Transporter une valise pour un proche peut sembler anodin. Mais lorsque son contenu s’élève à plus de 14 000 euros de cigarettes de contrebande, l’affaire prend une tout autre dimension — surtout lorsqu’elle concerne une élue de la République.
Le 4 mai dernier, à l’aéroport de Roissy-Charles-de-Gaulle, la sénatrice Les Républicains de Saint-Martin, Annick Petrus, a été contrôlée par les douaniers avec une cargaison de tabac illégalement transportée. Pas moins de 110 cartouches de cigarettes, soit l’équivalent de 22 kilos de tabac pour une valeur marchande estimée à 14 250 euros, étaient dissimulées dans une valise.

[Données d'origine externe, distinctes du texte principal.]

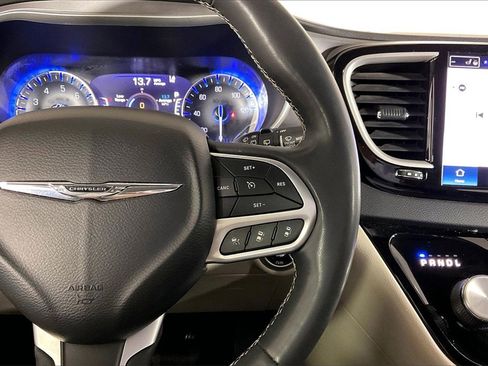 Used 2022 Chrysler Pacifica Touring-L image 19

Une somme et une quantité bien supérieures aux limites autorisées pour un transport personnel.
Une procédure évitée grâce à une transaction
Si une telle infraction peut théoriquement entraîner jusqu’à trois ans d’emprisonnement, la parlementaire a évité les poursuites judiciaires. Grâce à une convention entre la douane et le parquet de Bobigny, les contrevenants transportant moins de 150 cartouches peuvent bénéficier d’un « arrangement transactionnel ». Dans ce cadre, Annick Petrus a dû s’acquitter d’une amende de 4 900 euros, et sa marchandise a été confisquée. Un traitement certes légal, mais qui ne manque pas de soulever des interrogations sur l’exemplarité attendue d’une élue.

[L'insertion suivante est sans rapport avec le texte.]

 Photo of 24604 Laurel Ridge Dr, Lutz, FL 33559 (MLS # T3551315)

Un « service » pour une connaissance, selon la sénatrice
Interrogée par Mediapart, Annick Petrus a reconnu les faits, tout en affirmant avoir agi par pure courtoisie, dans le cadre d’un déplacement officiel entre les Antilles et Paris. Elle explique avoir simplement accepté de transporter la valise à la demande d’une connaissance à Saint-Martin : « Ça se fait beaucoup aux Antilles », a-t-elle déclaré. Des propos qui laissent entendre que cette pratique serait courante, notamment entre proches ou membres d’une même communauté.
Une méconnaissance volontaire ?
La sénatrice affirme n’avoir « jamais demandé ce que contenait la valise », évoquant une forme de confiance spontanée et d’habitude établie : « 95 % de mes voyages, j’ai un colis pour quelqu’un. » Mais cette défense de la naïveté soulève une question : comment une élue de la République peut-elle ignorer les conséquences juridiques de transporter un bagage scellé sans en connaître le contenu ? Surtout lorsqu’elle le fait régulièrement, entre des territoires douanièrement sensibles comme les Antilles et l’Hexagone.

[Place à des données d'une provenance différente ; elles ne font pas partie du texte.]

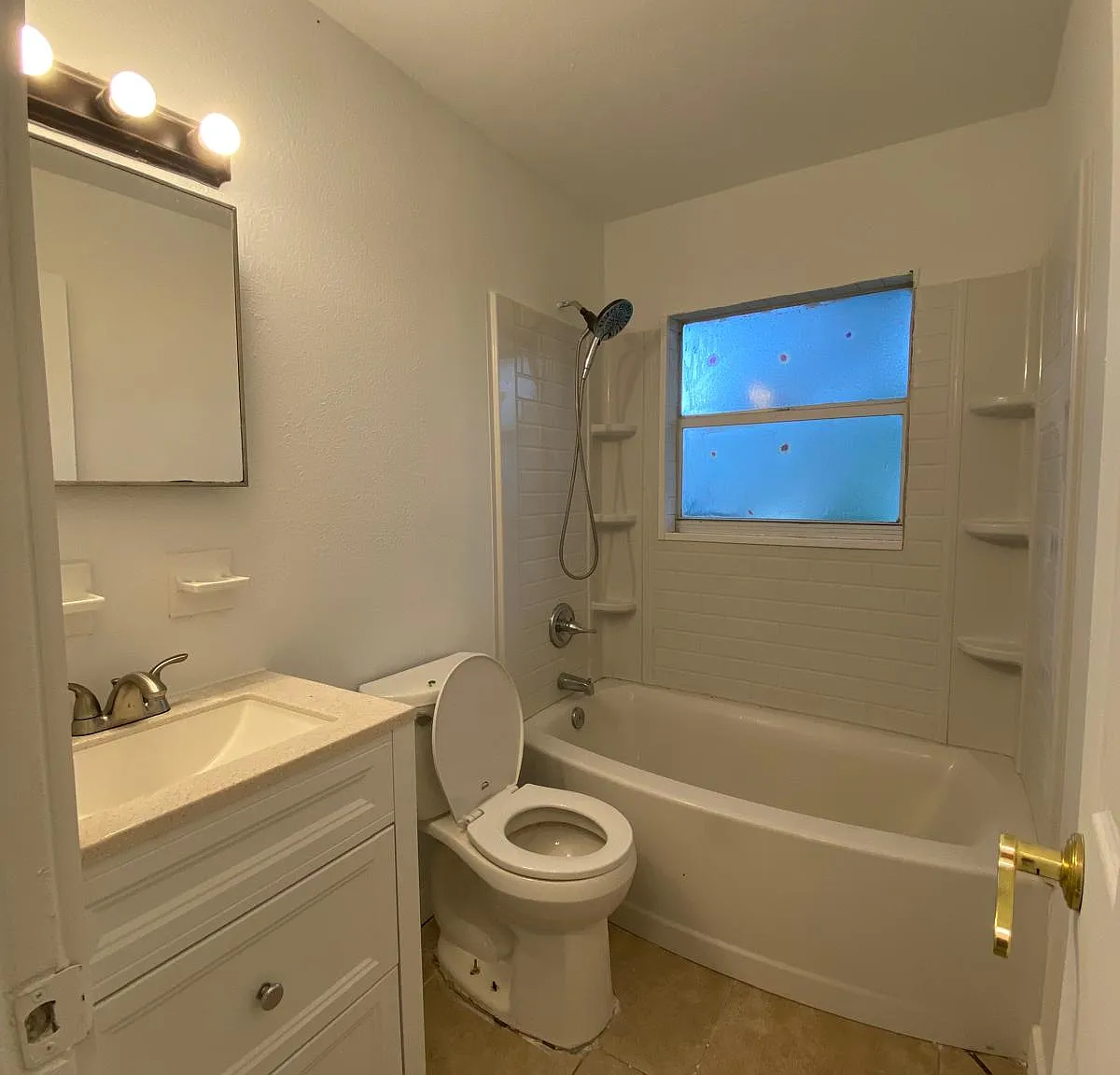 3 bed, 840 sqft, $1,570 — Photo 4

Fait encore plus troublant : Annick Petrus a confirmé avoir été remboursée de l’amende par la personne qui lui avait confié le bagage. Autrement dit, la sanction administrative n’a pas eu d’effet punitif réel pour la sénatrice, qui n’a subi aucune perte financière. Cette situation alimente l’idée d’une impunité relative et soulève des interrogations sur la portée dissuasive des sanctions appliquées.